● **WORK TO COMPLETE**: Lines from the one containing "this 515×386 image." through the last line of the data are to be repeated word for word, both ends included.

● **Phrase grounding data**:
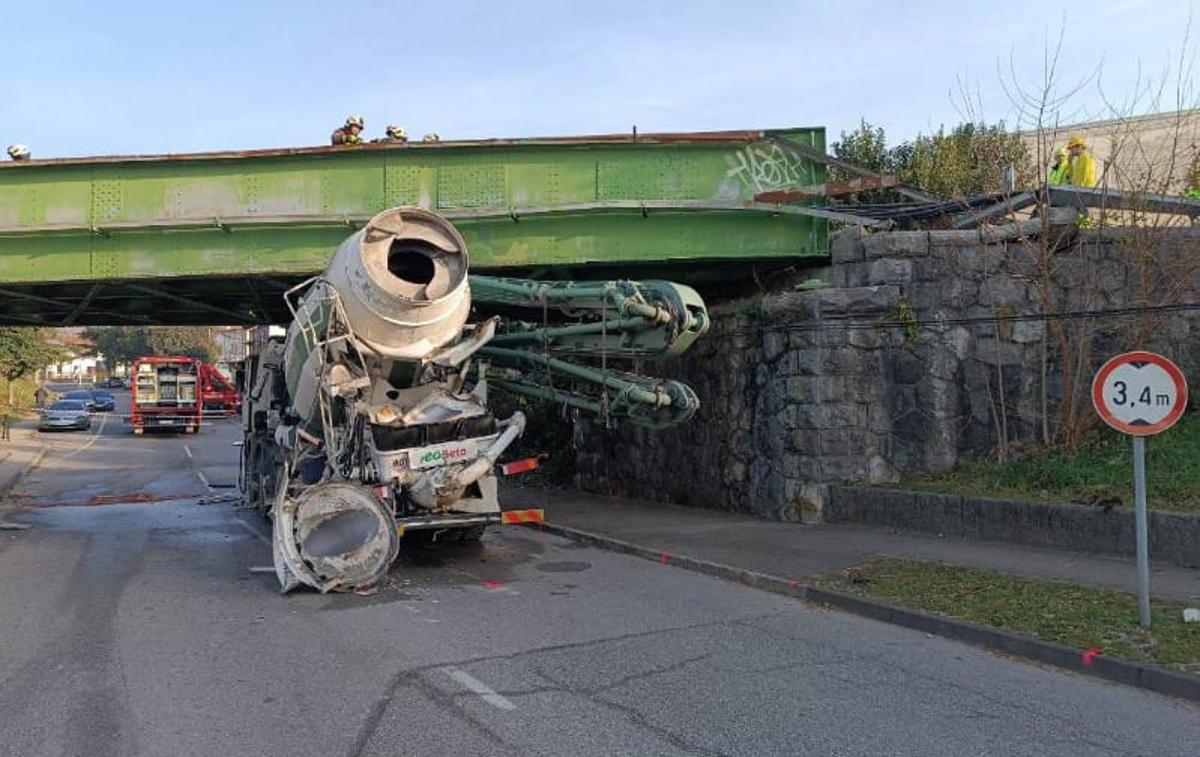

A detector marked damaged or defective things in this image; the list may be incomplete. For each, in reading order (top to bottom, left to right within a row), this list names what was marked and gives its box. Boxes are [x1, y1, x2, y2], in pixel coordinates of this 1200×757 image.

damaged mixer chute [242, 206, 705, 592]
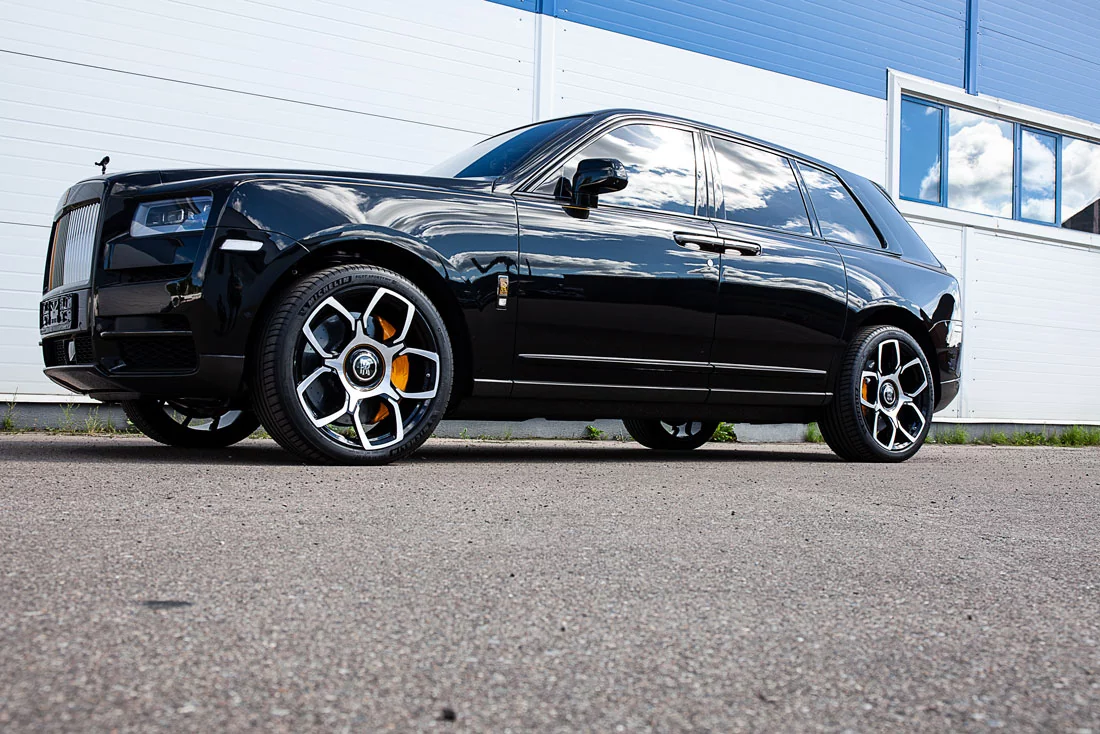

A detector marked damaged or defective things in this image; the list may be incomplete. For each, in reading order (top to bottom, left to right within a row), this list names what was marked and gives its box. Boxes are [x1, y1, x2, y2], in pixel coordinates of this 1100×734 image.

cracked asphalt [2, 433, 1100, 730]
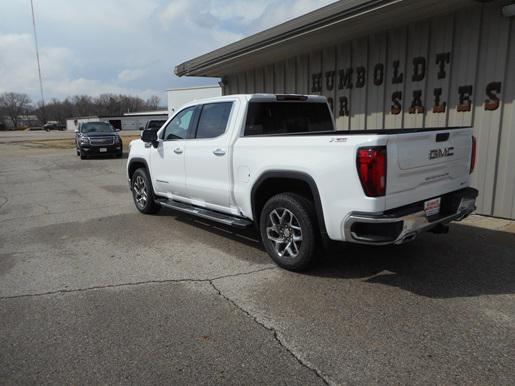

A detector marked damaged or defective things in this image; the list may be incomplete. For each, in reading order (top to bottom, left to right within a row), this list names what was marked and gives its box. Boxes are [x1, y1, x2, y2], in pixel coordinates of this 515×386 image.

crack in pavement [0, 266, 330, 382]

● **OUTPUT**:
A detector marked damaged or defective things in this image; the list may be incomplete. For each, in reading order (top to bottom, left to right within a row), this list names what was marked and gives its box. Boxes are [x1, y1, x2, y2], in pixel coordinates of this 515×386 image.

crack in pavement [0, 266, 330, 382]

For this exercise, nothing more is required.